Gamer boyfriend scores low points while visiting mom
DEAR ABBY: My daughter and her boyfriend have been together for four years. Despite being almost 30, he is very immature and constantly distracted by either his phone or his video games.
Abby, he travels with his PlayStation everywhere he goes. When he comes into our house, he sets up his console in the living room, puts on headphones and plays games all day and night. If the family asks to use the TV for a few hours, he will sit on the sofa and take a nap or pull out his phone and continue gaming.
I know nothing more about him than I did the first month I met him. He is rude, boorish, self-centered and has a criminal record (drugs). They live in another state, and for my daughter's sake, I try to accommodate him. When I asked for them to "visit us, not our TV," she became very defensive.
Is this the new norm?

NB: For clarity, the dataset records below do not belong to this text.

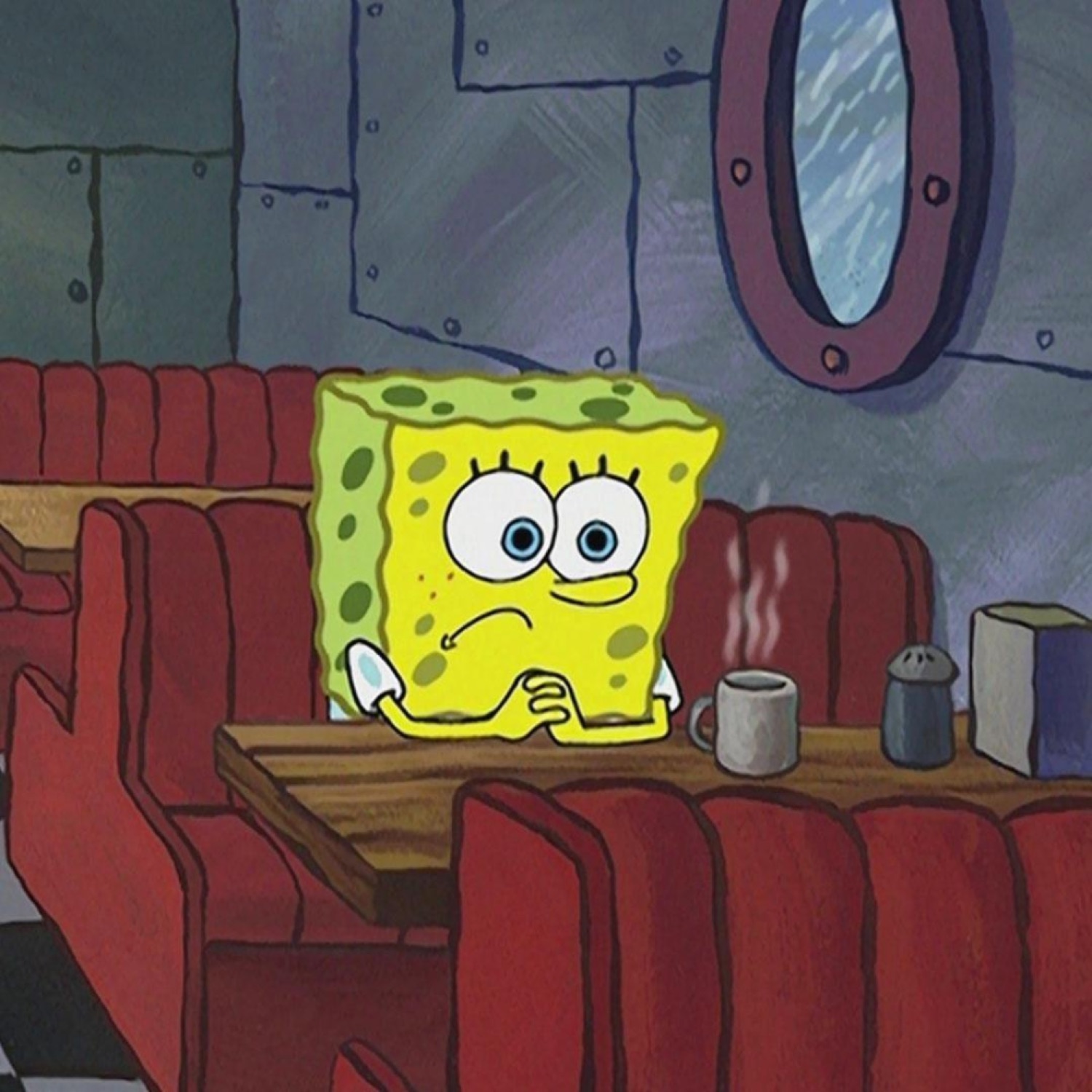 SpongeBob sitting alone at a diner booth resting his chin, looking glum and bored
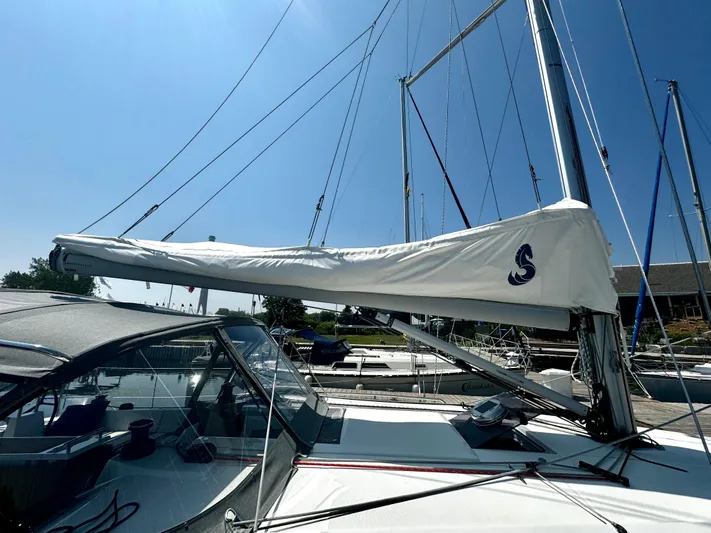  Yacht Photos Pics 2023 Beneteau Oceanis 34.1 sailboat docked, featuring sleek design and modern rigging.
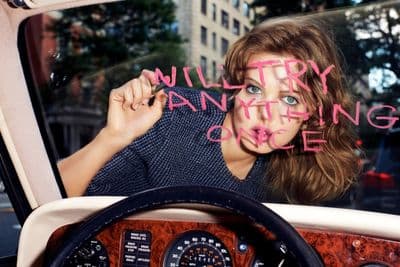 a woman sitting inside of a car holding a pink marker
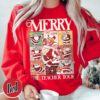 vintage christmas teacher sweatshirt with santa claus design for holiday celebrations and classroom festivities bdmzh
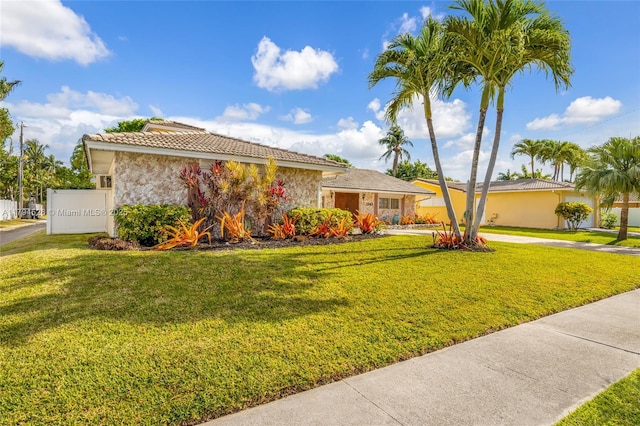 1243 Funston St, Hollywood, FL 33019 - ranch-style home with stucco siding, concrete driveway, a front lawn, and a tiled roof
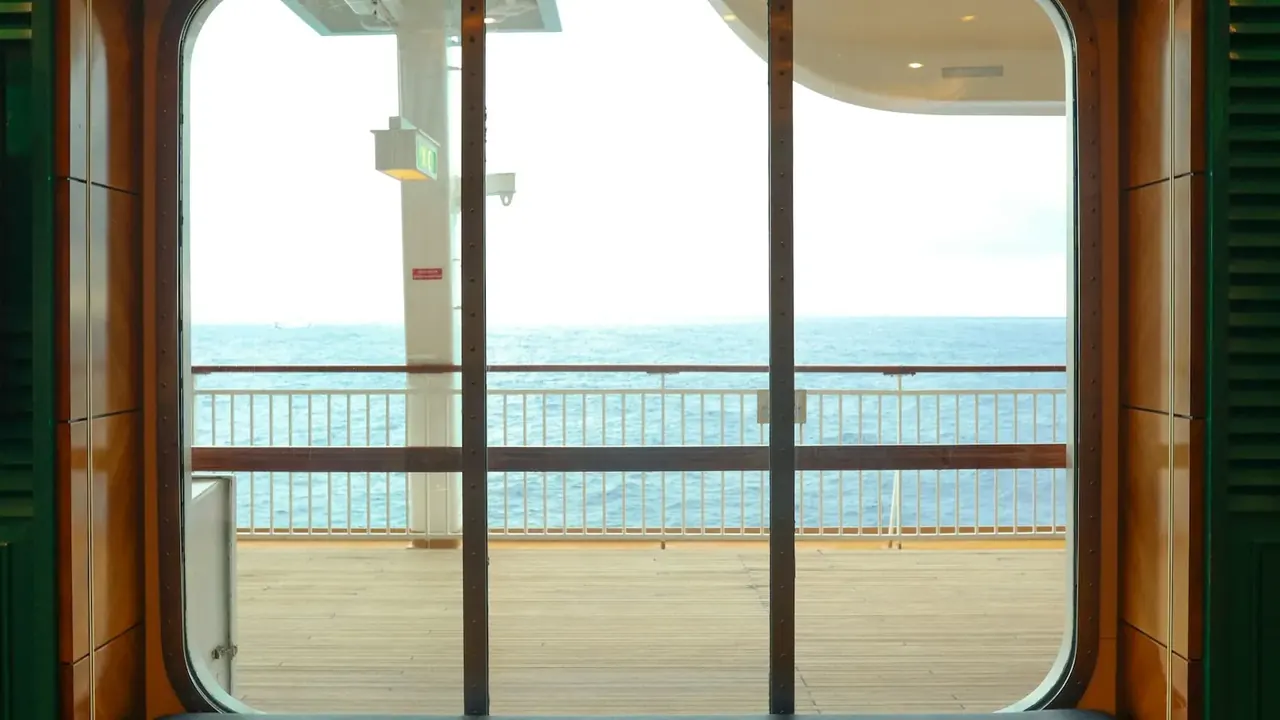 Ocean view through the open balcony door of a cruise ship cabin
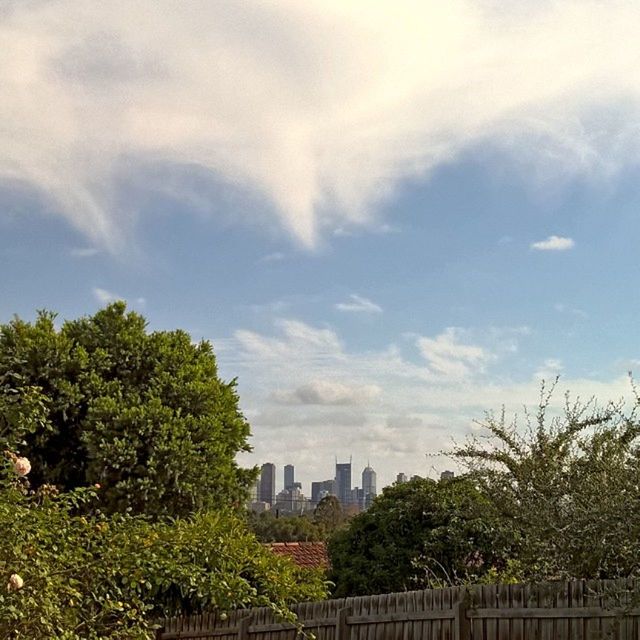 BUILDINGS IN CITY AGAINST SKY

Must I provide a TV in their room for when they stay? When they went to visit his family who live near us, he took the system to their house for the three-hour visit.
How do I deal with this addiction? My daughter now wants to bring him along while we have our mother/daughter lunch and manicures. It's like he's 3 and has to tag along. He has no friends. When she goes out for a night with her girlfriends, we are expected to "baby-sit." I've never encountered anything like this. Please advise me.
— DONE MOTHERING IN PENNSYLVANIA
DEAR DONE: I'll try, but first you will have to admit your part in creating this problem. You have to learn to say no to your daughter and her "boy"friend. If you want to watch television for a few hours during their visit, remember it's your home and you don't have to apologize for it. If you want a mother/daughter lunch and manicures, and she wants to drag him along, say, "No, this is our mother/daughter time. An hour or so alone with you is not too much to ask."
The solution to your problem is to stop allowing your daughter — and her socially inadequate boyfriend — to dictate what's happening under your roof and in your life. Until you put your foot down, nothing will change.
DEAR ABBY: By coincidence, I have a niece and nephew who will be graduating at the same time this spring. My nephew is getting a degree from a four-year college. My niece is getting a beautician's license from a high school/trade school. She has no plans to attend college.
I will be giving them both graduation gifts, but should the amount be based on their level of education, or the fact that they have both completed their educations?
I don't want my niece to feel slighted. She chose a profession she loves but does not require further education. I also don't want my nephew to feel slighted because he worked longer at far greater expense.
— UNSURE IN THE EAST
DEAR UNSURE: If you are worried that your niece and nephew will compare your gifts, give each the same amount. What these gifts memorialize is not the money that was spent on their educations, but rather that they have both attained the level of education for which they were working.